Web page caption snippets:
*** Begin section ***

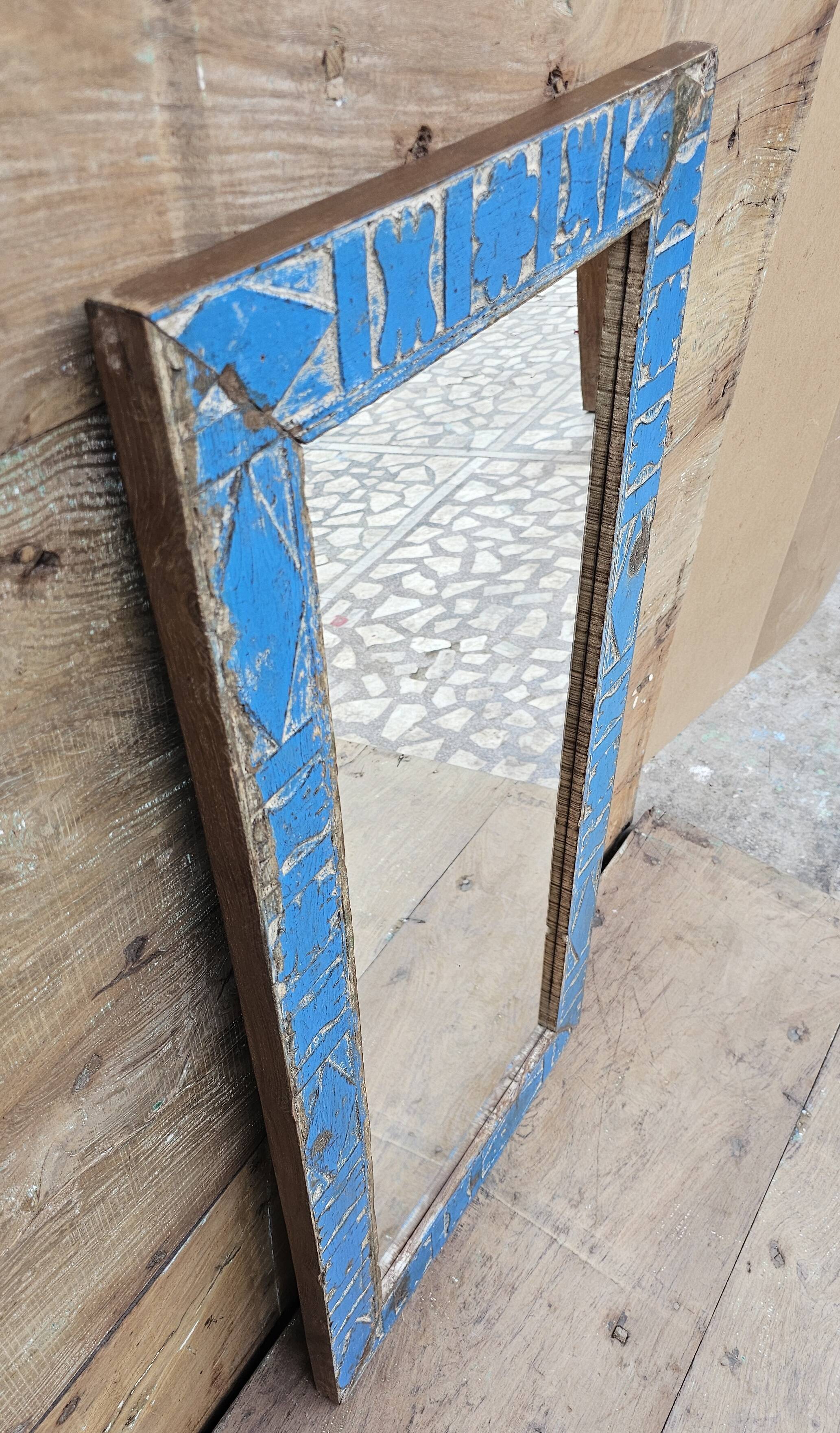 Antique Art Deco mirror in Burmese teak.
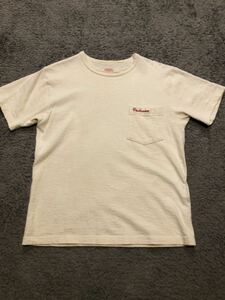 クッシュマン/品番26635/ポケットTシャツ/ロゴ刺繍/M/クリーム色/CUSHMAN/古着/黄ばみあり/日本製/セルロイド/フェローズ/フルカウント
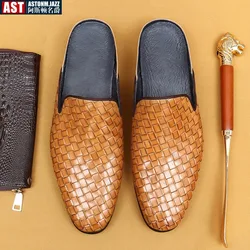 Mens Slippers Genuine Leather Sandals Slip on Flats Mules Shoes Casual Men Half Slipper Comfortable Soft Business Leather Sandal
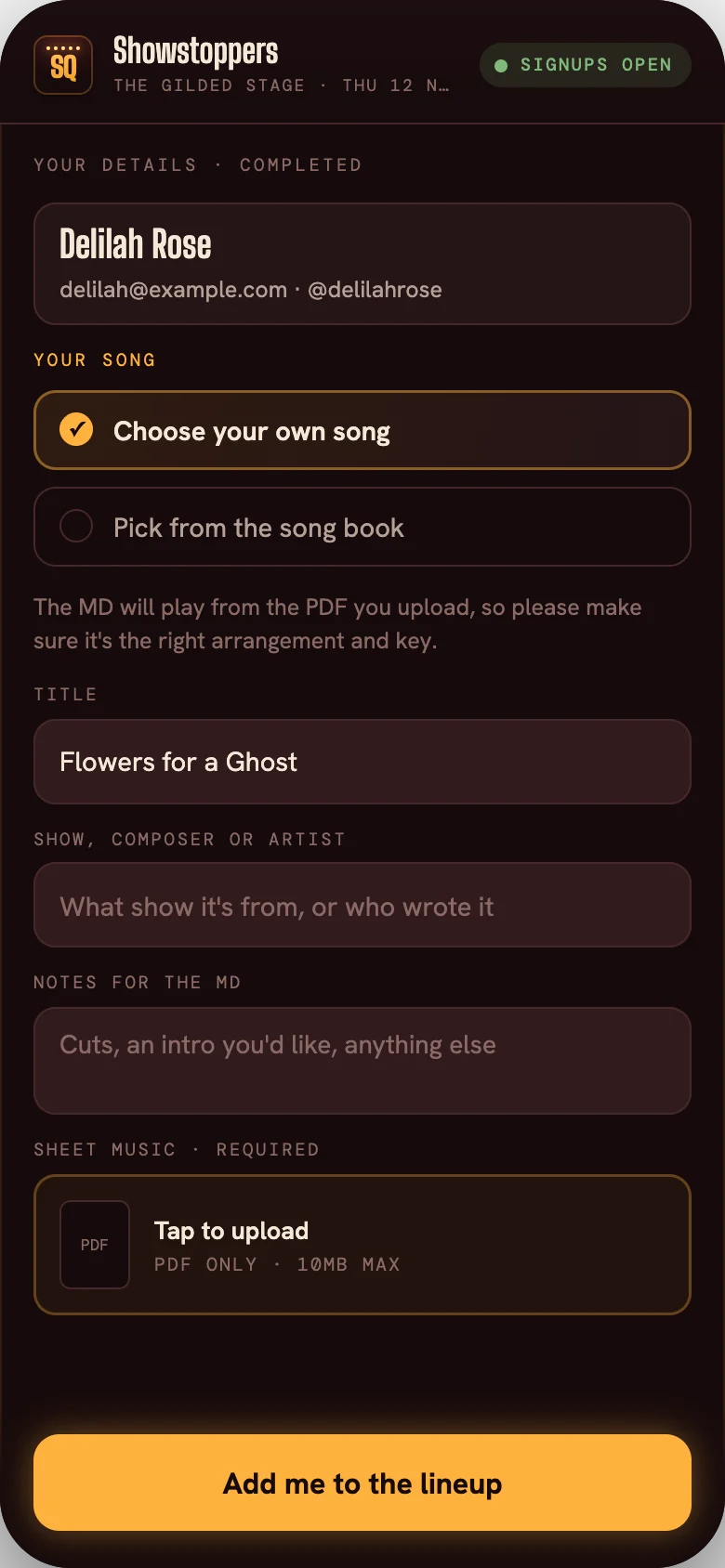 Choosing your own song expands the form inline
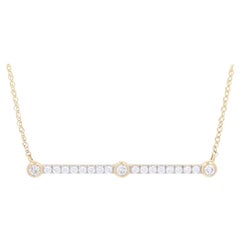 .50 Carat Round Brilliant Diamond Bar Necklace, 14 Karat Yellow Gold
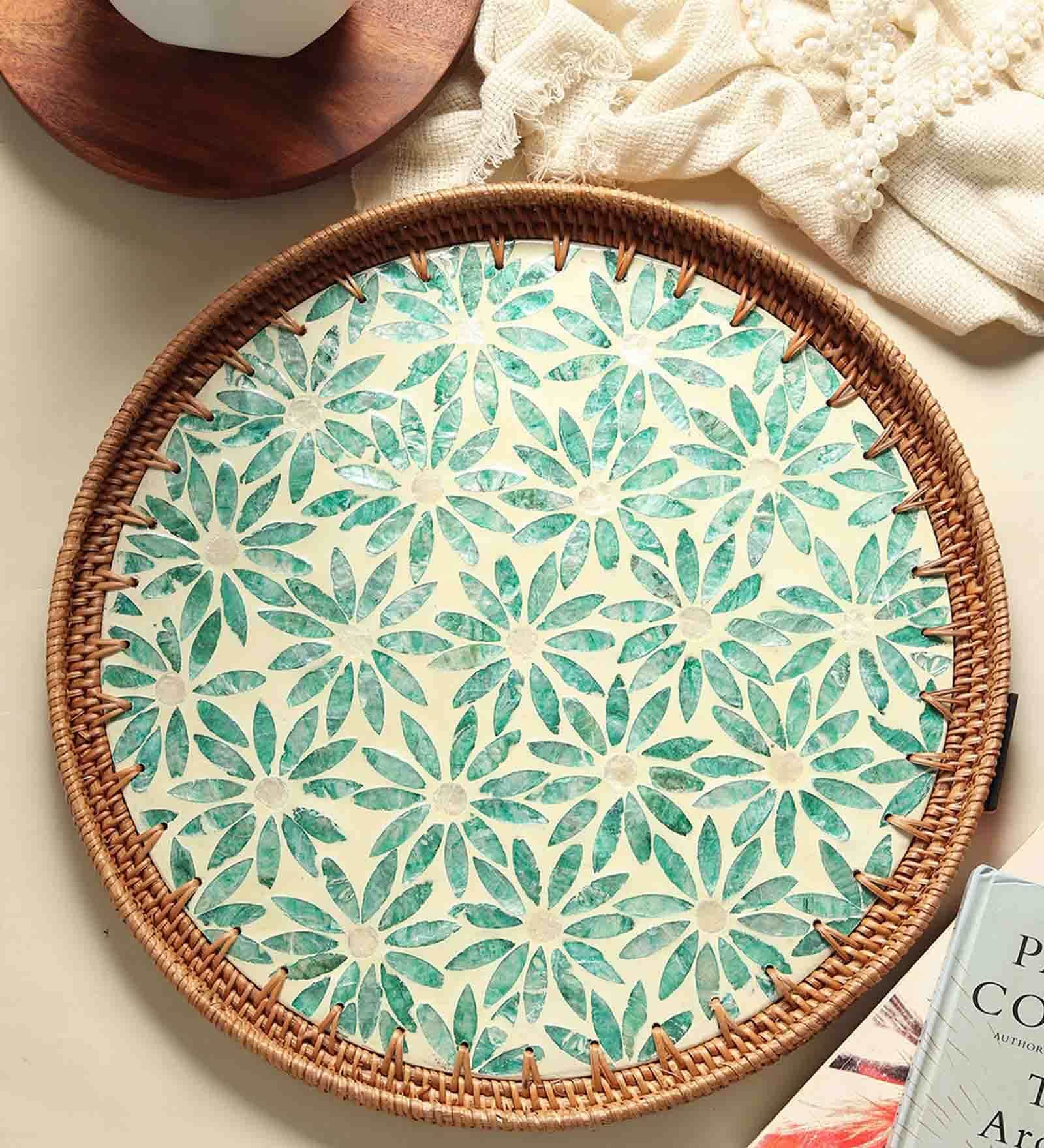 Green  Cane Round Serving Tray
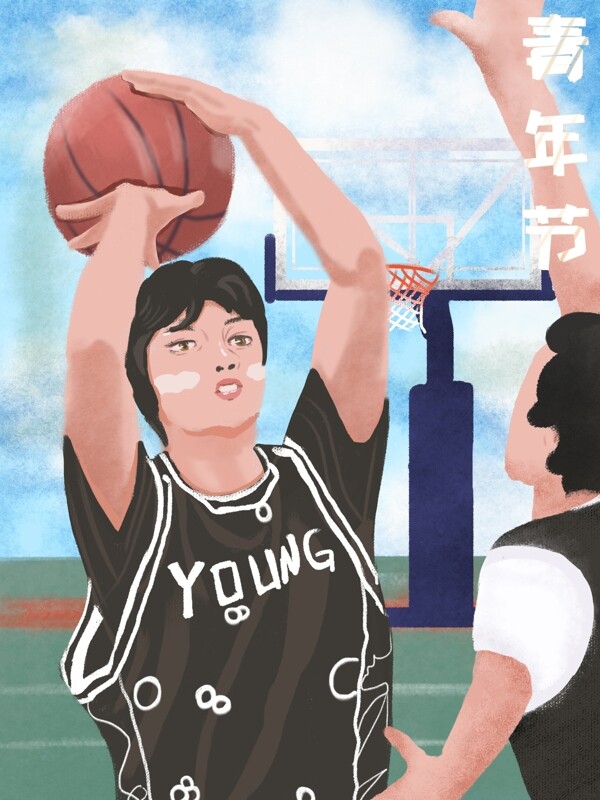 青年节男青年篮球场打篮球原创插画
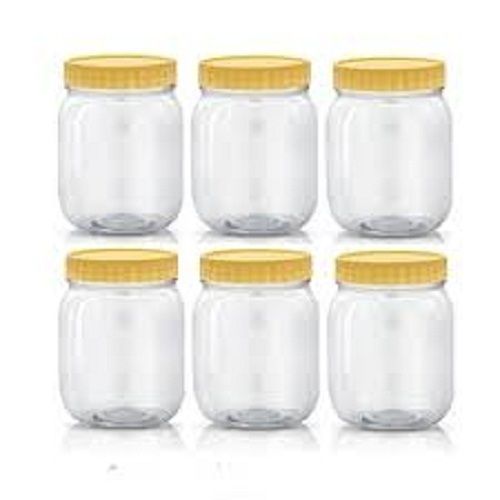 Long Durable Made With Sturdy Material And Round Yellow White Plastic Jar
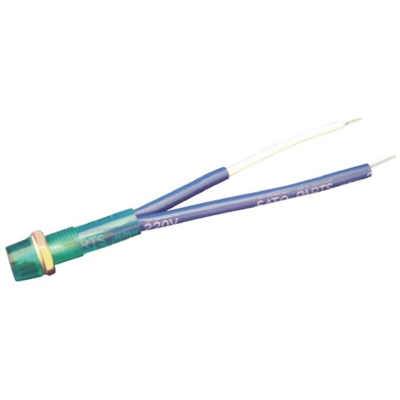 Green Neon Indicator Lamp, 200 → 250 V ac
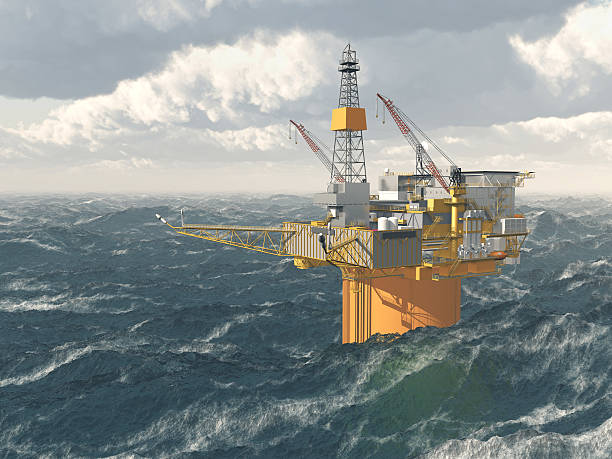 öl-plattform im sturm meer - oil rig sea oil storm stock-fotos und bilder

*** End section ***

### Exercise objective
Should there be pictures in the data, leave them out and return the rest exactly.

### Written answer
 Antique Art Deco mirror in Burmese teak.
 クッシュマン/品番26635/ポケットTシャツ/ロゴ刺繍/M/クリーム色/CUSHMAN/古着/黄ばみあり/日本製/セルロイド/フェローズ/フルカウント
 Mens Slippers Genuine Leather Sandals Slip on Flats Mules Shoes Casual Men Half Slipper Comfortable Soft Business Leather Sandal
 Choosing your own song expands the form inline
 .50 Carat Round Brilliant Diamond Bar Necklace, 14 Karat Yellow Gold
 Green  Cane Round Serving Tray
 青年节男青年篮球场打篮球原创插画
 Long Durable Made With Sturdy Material And Round Yellow White Plastic Jar
 Green Neon Indicator Lamp, 200 → 250 V ac
 öl-plattform im sturm meer - oil rig sea oil storm stock-fotos und bilder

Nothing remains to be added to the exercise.